企画委員 : 土田 昭司(関西大学情報処理センター)

     土田でございます。今日はサイエンティフィック・システム研究会研究教育環境分科会の第1回目の会合です。今回のテーマはデジタルキャンパスという大きなテーマです。SS研の組織体の中で研究教育環境の分科会が作られていることに象徴されているように、コンピュータそのものについて議論するよりも、そのコンピュータのシステムをどのように使うかということを議論しないと、コンピュータそのものの議論が始まらないという時代になってきました。今回のテーマはその流れに沿ったものと考えております。

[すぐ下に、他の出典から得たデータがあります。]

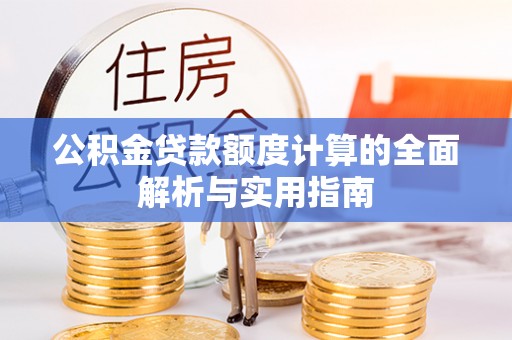 太康公积金贷款额度计算的全面解析与实用指南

     デジタルキャンパスが注目を集めている理由はいくつかあります。少子化の時代になり、学生数が減少してゆく事。大学の資源をどう活用しようかという事。そしてもう一つには、外圧も多少あるようです。MITが上海など海外に対してその教育内容をインターネットを使って提供する事業を進めています。その中で日本の大学が世界の中で生き延びるためにはどういう策をとらなくてはならないか、ただ単に一定の場所に学生に集まってもらい教育を行うという形ではこれからの大学が世界の流れについていけるか、というような思いもデジタルキャンパスが注目される理由となっていると思います。

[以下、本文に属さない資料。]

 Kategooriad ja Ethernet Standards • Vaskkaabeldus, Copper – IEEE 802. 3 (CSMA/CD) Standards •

     これまでの大学教育は、キャンパスの中、すなわち閉じられた世界で教育を行っているので、公開といってもどのような教育がされているかあまり他大学や世間には見えないものでありました。しかし、デジタルキャンパスになると、誰でも見ることのできる環境になりますので、どこの大学の教育はこんなことをやっているという形で評価にさらされることになります。教育内容の競争ということが、当然起きると思います。これには良い面と悪い面があります。競争が起これば、当然「勝ち組」と「負け組」ができますので、淘汰が始まります。良い教育だけが残って悪い教育は駆逐されるとも考えられますが、しかし一方で、少数の勝者が教育を独占する可能性もあります。それは教育内容の独占ということでして、例えば、日本中でこの分野に関しては一種類のことしか教えないという事態も起こりかねません。その舵取りはこのように非常に難しいのですが、やらねばならないということだと私は思います。

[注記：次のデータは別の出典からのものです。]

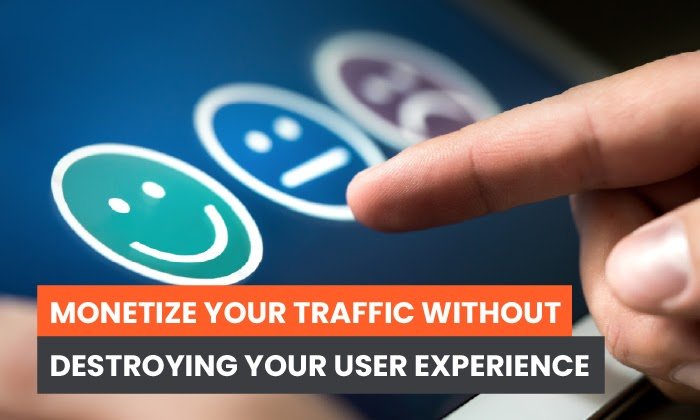 How to Monetize Your Website Without Destroying Your User Experience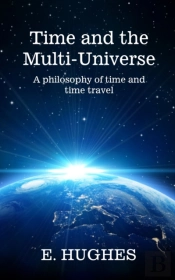 Time And The Multi-Universe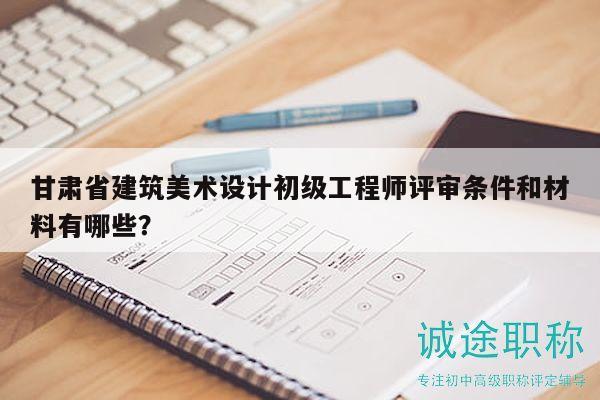 甘肃省建筑美术设计初级工程师评审条件和材料有哪些？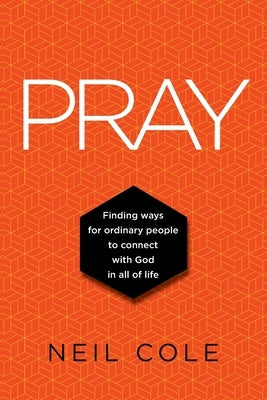 Pray: Finding Ways For Ordinary People To Connect With God In All Of Life Paperback Cornelius Cole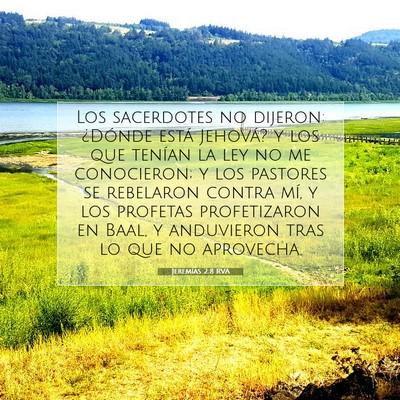 Picture 07 - Jeremías 2:8 RVA - Los sacerdotes no dijeron: ¿Dónde está - Bible Verse Picture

     デジタルキャンパスに関しては、(社)私立大学情報教育協会(以下、私情協)のもとで、サイバー・キャンパス・コンソーシアム(CCC)として、私立大学を揚げて研究し推進しようという大きな活動が始まっております。本日はその私情協の常務理事でいらっしゃる、明治大学の向殿先生から、基調講演のお一人として「私情協としてのデジタルキャンパスの取組みについて」お話いただくことになっております。

     また、基調講演のもうお一人は、東北大学附属図書館事務部長の済賀氏です。いま大学の教育のお話をしましたが、大学も組織体ですので、運営等が必要なります。デジタルキャンパスを実現するために、ハードウェアを含めて、大学がどういう運営体にならなくてはならないか、ということに関してお話いただきます。東北大学では情報シナジー機構というものを立ち上げられて、先端的な試みをされていると伺っております。

     事例報告として、日本福祉大学通信教育部事務室長の木野村氏よりお話をいただきます。こちらは先端的な大学で、日本で最初にインターネット学習を実践したとのことです。特に、社会人や障害者向けの在宅学習、言い換えれば、教育のバリアフリー化を進めている、先端的な試みをされている大学の事例を報告していただきます。

     もう一つの事例報告は、関西大学就職部の辻川氏より、携帯電話を使用して学生に就職情報を提供する試みをお話しいただきます。現在はiモードだけのサービスとのことですが、今後、他社のサービスにも対応するシステムを関西大学で考えられているようですので、そちらも触れながら事例報告をしていただければと思っております。

     また、富士通のWebメールシステムの紹介や、コンテンツ・マネジメントの技術紹介もございます。

     こういうことで、半日の分科会ではございますが、みなさん、ご協力の程よろしくお願いいたします。